» **EXERCISE GOAL**
An exact transcription of every record is needed, leaving out the pictures.

» **RECORDS SUPPLIED**
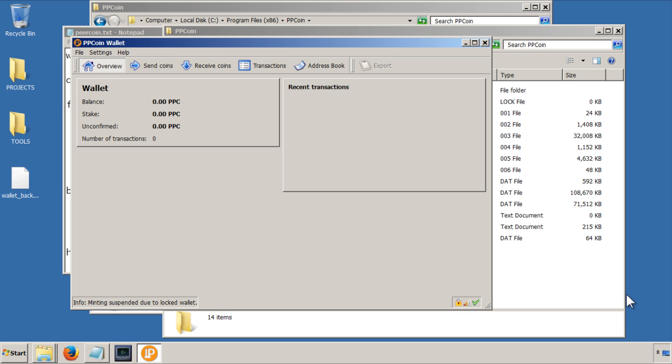So now that the wallet has been backed up and encrypted, just take a little look around the client software, just to know how it all works.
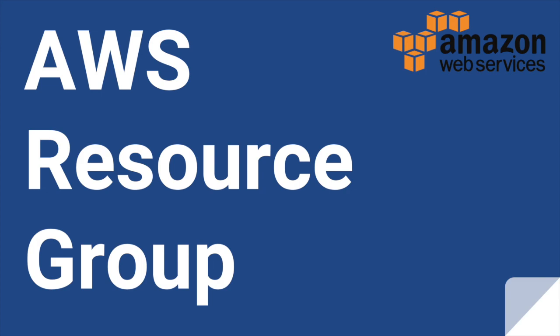Hello friends, welcome to this session on AWS Resource Group.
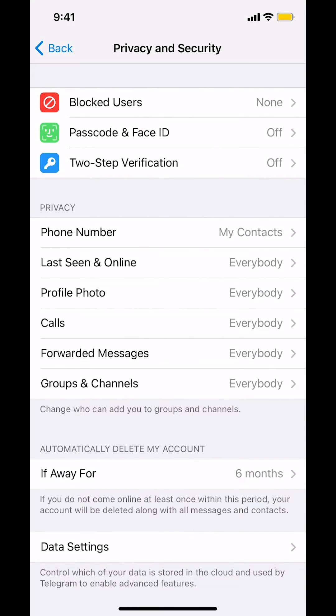Then you'll arrive on this main screen right here. Make sure you look where it says Privacy right there. Underneath Privacy, look where it says Last Seen and Online right there. Tap on that.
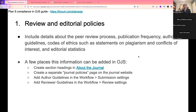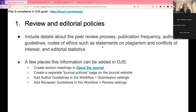Plan S requires certain types of policies: details about the type of peer review the journal conducts, the publication frequency, guidelines for authors, codes of ethics — which might include statements on plagiarism and conflicts of interest — and editorial statistics that need to be published on the site. PKP has a guide on journal policies and workflows if you're looking for guidance on what these policies might look like, and it's linked from the Plan S compliance guide.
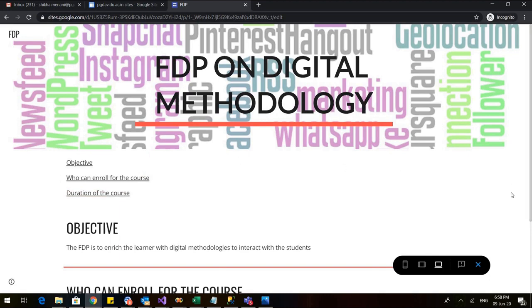So this is the first video. In the next video, we will see how to add different pages to a website and how to make the website more interactive. Till then, take care. Thank you.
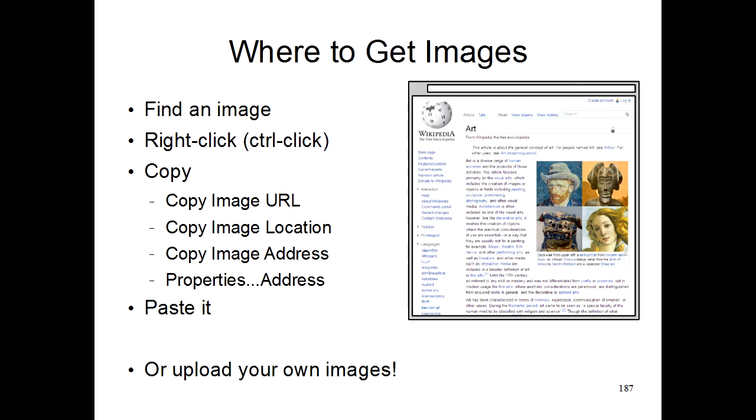Then there will be an option for copying the picture. This menu option has different names depending on which browser you use. It might be called copy image URL, copy image location, copy image address, or some other name. If you're using Internet Explorer, the option you have to choose is properties. It'll then bring up a dialog box with an address on it.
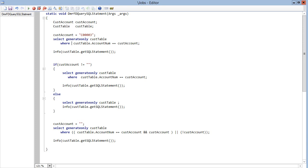But what if I don't know if the customer account has a variable or not? Sometimes, if there is a variable, I want to filter. But if there isn't, I don't want to filter the record.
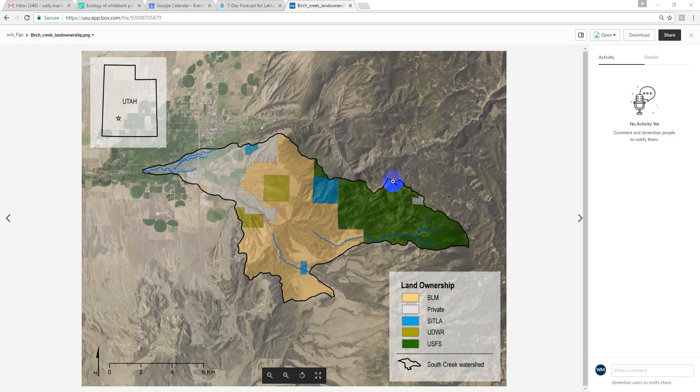Hey Charlize, I'm just going to create a quick video about some edits to the Birch Creek maps. So first of all, there are some South Creek watershed overview maps that we can make some modifications to.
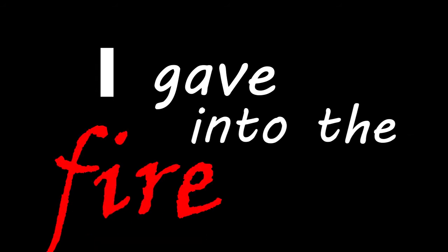I was a liar, I gave into the fire, I know I should've fought it, at least I'm being honest.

» **ANSWER**
So now that the wallet has been backed up and encrypted, just take a little look around the client software, just to know how it all works.
Hello friends, welcome to this session on AWS Resource Group.
Then you'll arrive on this main screen right here. Make sure you look where it says Privacy right there. Underneath Privacy, look where it says Last Seen and Online right there. Tap on that.
Plan S requires certain types of policies: details about the type of peer review the journal conducts, the publication frequency, guidelines for authors, codes of ethics — which might include statements on plagiarism and conflicts of interest — and editorial statistics that need to be published on the site. PKP has a guide on journal policies and workflows if you're looking for guidance on what these policies might look like, and it's linked from the Plan S compliance guide.
So this is the first video. In the next video, we will see how to add different pages to a website and how to make the website more interactive. Till then, take care. Thank you.
Then there will be an option for copying the picture. This menu option has different names depending on which browser you use. It might be called copy image URL, copy image location, copy image address, or some other name. If you're using Internet Explorer, the option you have to choose is properties. It'll then bring up a dialog box with an address on it.
But what if I don't know if the customer account has a variable or not? Sometimes, if there is a variable, I want to filter. But if there isn't, I don't want to filter the record.
Hey Charlize, I'm just going to create a quick video about some edits to the Birch Creek maps. So first of all, there are some South Creek watershed overview maps that we can make some modifications to.
I was a liar, I gave into the fire, I know I should've fought it, at least I'm being honest.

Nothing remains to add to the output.